A third round of monetary easing, more popularly known as QE3 was announced by the US Fed earlier this month. The Chinese central bank also poured US$ 58 bn into money markets over the past few days through reverse repo agreements. China desperately needed to do something as its economy has slowed to the mort leisurely pace in the past three years. Even the Reserve Bank of India (RBI) cut its Cash Reserve Ratio (CRR) and Statutory Liquidity Ratio (SLR) this year in order to increase liquidity in the system. Unlike India, China has not yet cut the portion of deposits that commercial banks must hold as reserves. Instead the People's Bank of China has been relying on open market operations to ensure that there is enough liquidity in the system. Will the surplus liquidity in overseas markets affect India?
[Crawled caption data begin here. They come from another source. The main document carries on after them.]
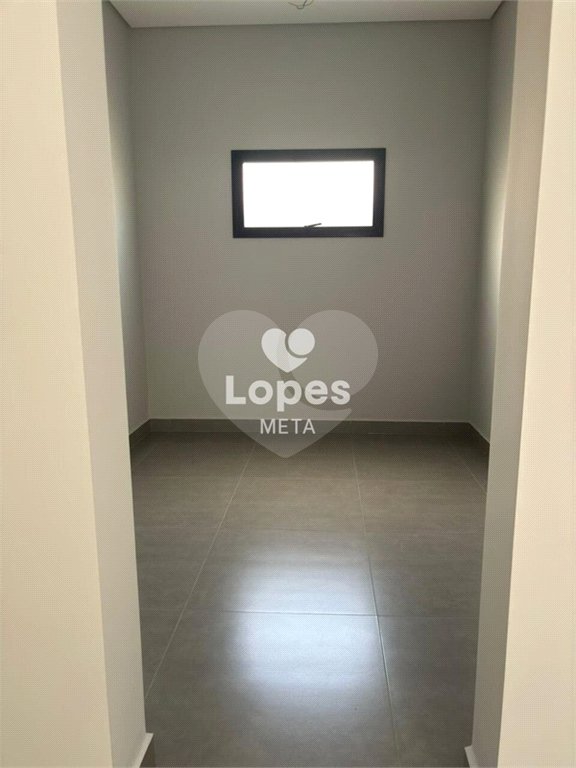 Casa à venda com 3 quartos, sendo 1 suíte,  no condomínio Terras do Vale, Caçapava - SP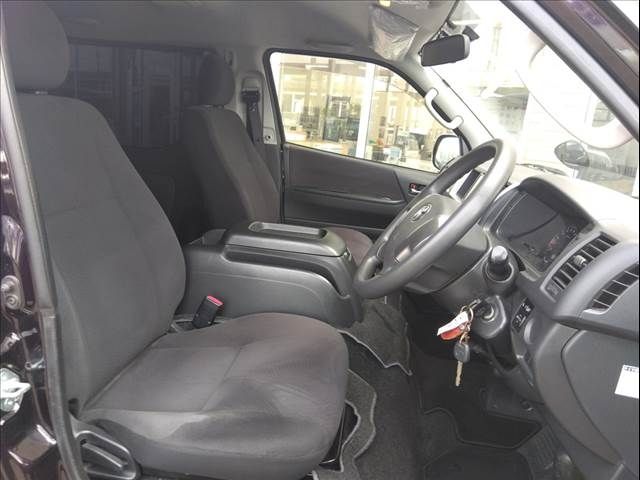 HIACE van 4WD
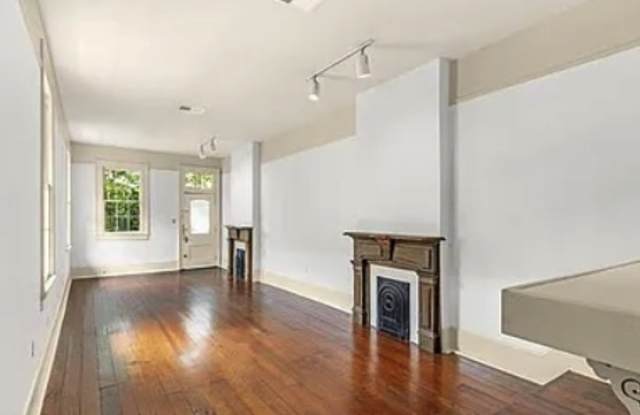 1526 Saint Mary Street Gallery 2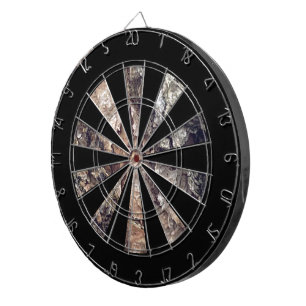 茶色フェイクの灰色の木の樹皮のテクスチャ ダーツボード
Well, according to RBI deputy governor Dr Gokarn, the central bank has not yet seen any fallout of the Fed's QE3 measures on Indian commodity or currency rates. In the previous round of easing, or QE2 in 2010, there was an immediate ratcheting up of oil prices. This had a direct bearing on domestic inflationary pressures. The Indian central bank responded to this by raising interest rates and continuing this onslaught for a number of months. This time around, however, a similar surge in oil prices is not expected. This is probably due to the slower growth expected in the world economy on account of a slowdown in Europe, China, and the US.
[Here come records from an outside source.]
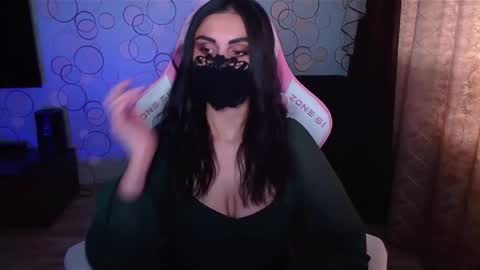 Snapshot of ashley__cooper__ chatting on 10-18-25, 04:37 Yasmina online show from 10-18-25, 04:37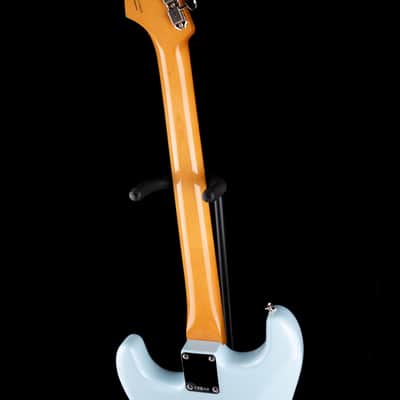Pre-Owned 2026 Fender Stratocaster Vintera III Sonic Blue With Gig Bag image 11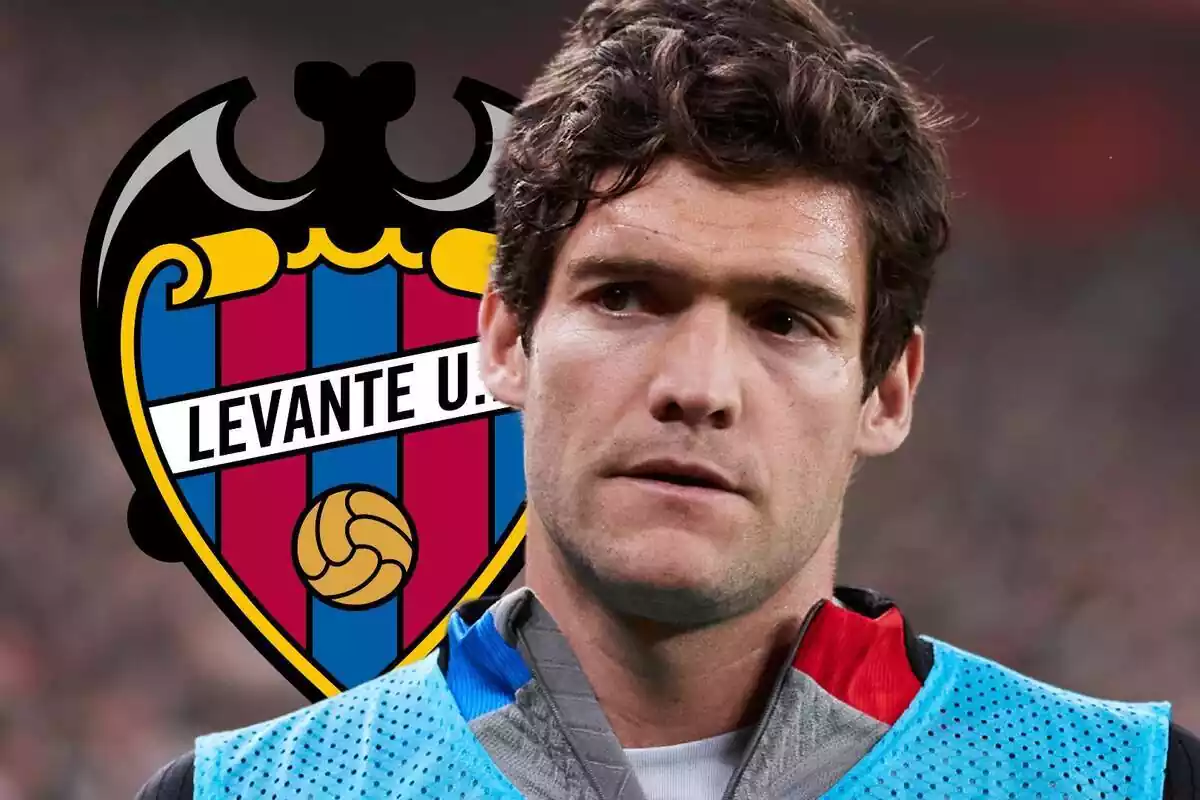 Marcos Alonso mira cap a un costat on hi ha l'escut del Llevant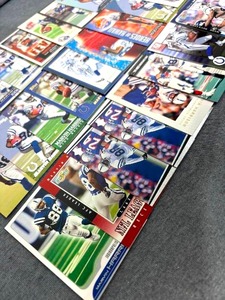 26 Vintage Marvin Harrison (Indianapolis Colts) Football Cards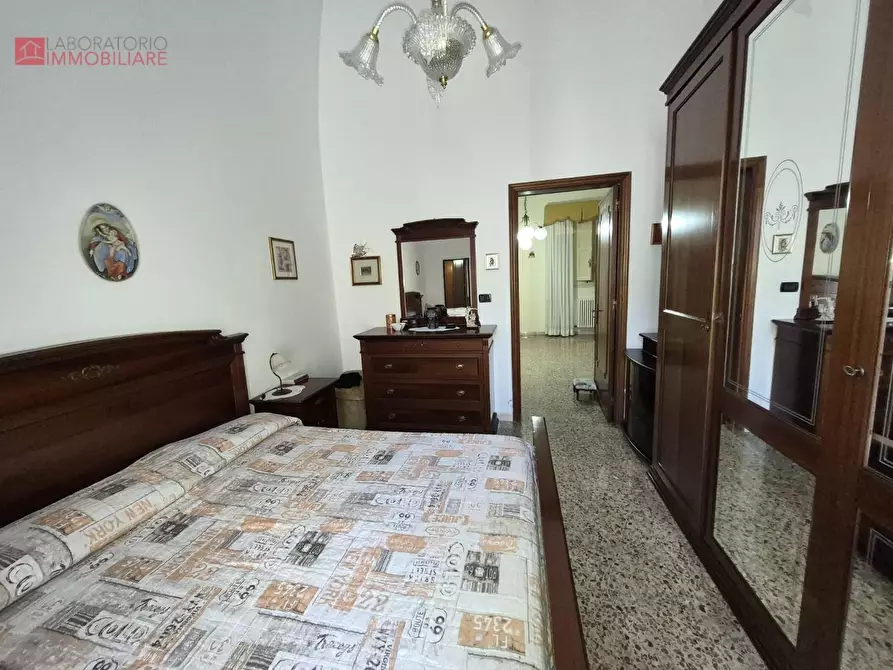 Immagine 12 di Palazzo in vendita  a Lecce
Despite this, inflation is still a worry for the Indian central bank. The RBI does not have a target rate for inflation. However it does adhere to certain benchmarks which are below 5% on the headline and around 4% on core inflation front. There are a few stress points that can affect inflation levels in the country, and surplus liquidity overseas is not chief among them. Food inflation, the rising fiscal deficit (2.5% of GDP in 2008 to nearly 6% now) and the current account deficit are major factors. The government's stance on foreign direct investment (FDI) in retail can help reduce inflation, especially food prices. If more investment in supply chain comes in, then it can help reduce wastages and keep prices lower. To conclude, inflation in India is still a concern, but QE3 or activities in China may not really be aggravating it further.